Instruction Level Parallelism (ILP)
Through the VLIW architecture allowing multiple operations to be executed in a single clock cycle.
SIMD
Through vector registers allowing multiple elements (for example, eight) to be computed in parallel.
Multicore
Through the AI Engine array, allowing up to 400 AI Engines to execute in parallel.

Instruction-level parallelism includes a scalar operation, up to two moves, two vector reads (loads), one vector write (store), and one vector instruction that can be executed—in total, a 7-way VLIW instruction per clock cycle. Data-level parallelism is achieved via vector-level operations where multiple sets of data can be operated on a per-clock-cycle basis.

Each AI Engine contains both a vector and scalar processor, dedicated program memory, local 32 KB data memory, access to local memory in itself and three neighboring AI Engines with the direction depending on the row it is in. It also has access to DMA engines and AXI4 interconnect switches to communicate via streams to other AI Engines or to the programmable logic (PL) or the DMA. Refer to the Versal ACAP AI Engine Architecture Manual (AM009) for specific details on the AI Engine array and interfaces.

While most standard C code can be compiled for the AI Engine, the code might need restructuring to take full advantage of the parallelism provided by the hardware. The power of an AI Engine is in its ability to execute a multiply-accumulate (MAC) operation using two vectors, load two vectors for the next operation, store a vector from the previous operation, and increment a pointer or execute another scalar operation in each clock cycle. Specialized functions called intrinsics allow you to target the AI Engine vector and scalar processors and provide implementation of several common vector and scalar functions, so you can focus on the target algorithm.

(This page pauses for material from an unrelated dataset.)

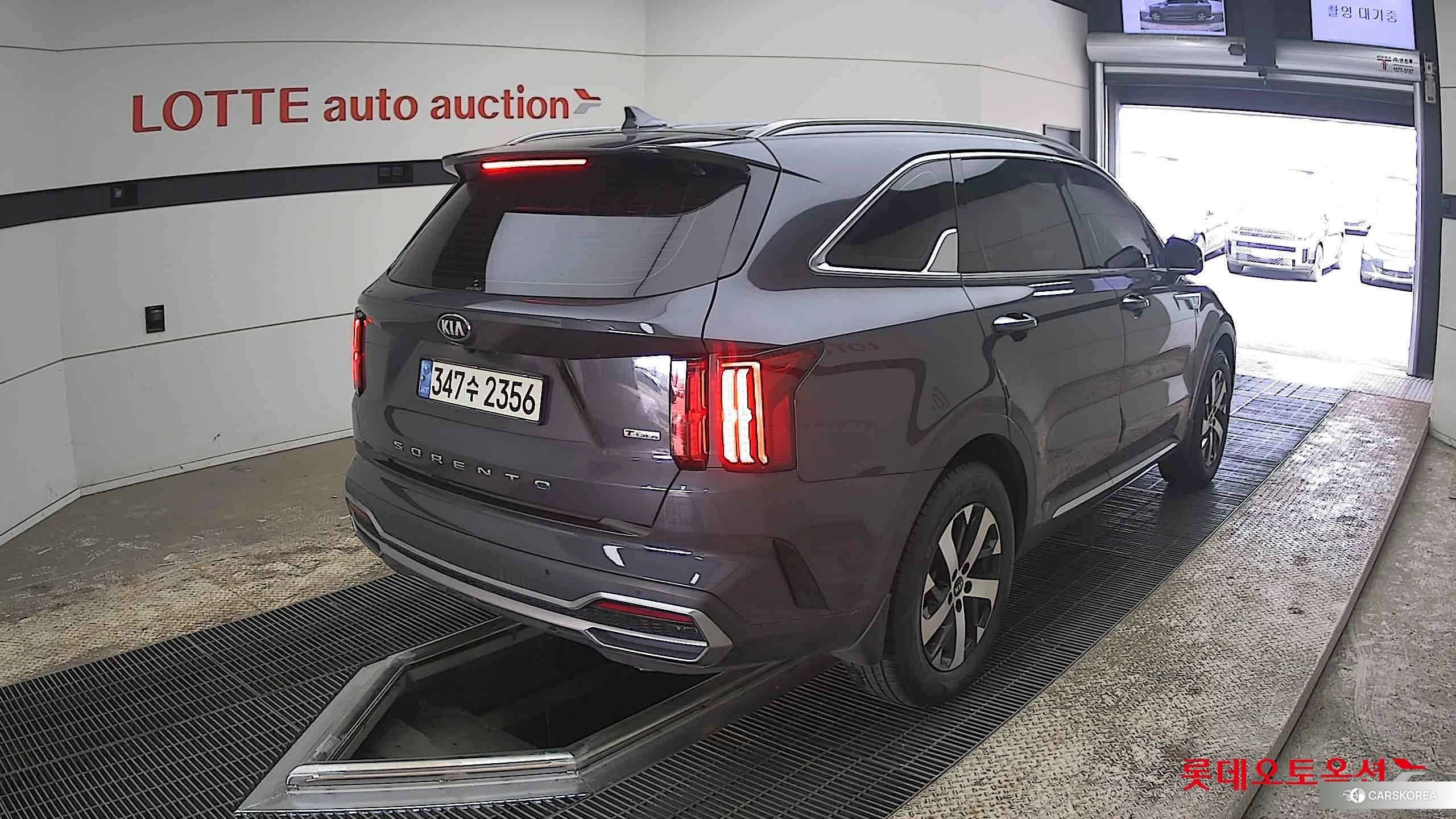 Kia Sorento id 3888407 из Кореи 31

In addition to its vector unit, an AI Engine also includes a scalar unit which can be used for non-linear functions and data type conversions.

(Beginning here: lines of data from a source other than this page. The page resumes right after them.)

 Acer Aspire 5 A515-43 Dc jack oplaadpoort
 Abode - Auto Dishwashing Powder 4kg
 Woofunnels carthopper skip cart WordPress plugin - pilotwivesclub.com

An AI Engine program consists of a data-flow graph (adaptable data flow graph) specification that is written in C++. This specification can be compiled and executed using the AI Engine compiler. An adaptive data flow (ADF) graph application consists of nodes and edges where nodes represent compute kernel functions, and edges represent data connections. Kernels in the application can be compiled to run on the AI Engines, and are the fundamental building blocks of an ADF graph specification. ADF graph is a Kahn process network with the AI Engine kernels operating in parallel. AI Engine kernels operate on data streams. These kernels consume input blocks of data and produce output blocks of data. Kernels can also have static data or run-time parameter (RTP) arguments that can be either asynchronous or synchronous.

The following figure shows the conceptual view of the ADF graph and its interfaces with the processing system (PS), programmable logic (PL), and DDR memory. It consists of the following.

AI Engine
Each AI Engine is a VLIW processor containing a scalar unit, a vector unit, two load units, and a single store unit.
AI Engine Kernel
Kernels are written in C/C++ running in an AI Engine.
ADF Graph
ADF graph is a network with a single AI Engine kernel or multiple AI Engine kernels connected by data streams. It interacts with the PL, global memory, and PS with specific constructs like PLIO (port attribute in the graph programming that is used to make stream connections to or from the programmable logic), GMIO (port attribute in the graph programming that is used to make external memory-mapped connections to or from the global memory), and RTP.
Figure 1. Conceptual Overview of the ADF Graph

This document focuses on AI Engine kernel programming and covers some aspects beyond single kernel programming, like data communication between kernels, which are essential concepts for partitioning the application into multiple kernels to achieve overall system performance.

For additional details about constructing graph, compiling and simulating graph, and hardware flow, refer to the Versal ACAP AI Engine Programming Environment User Guide (UG1076).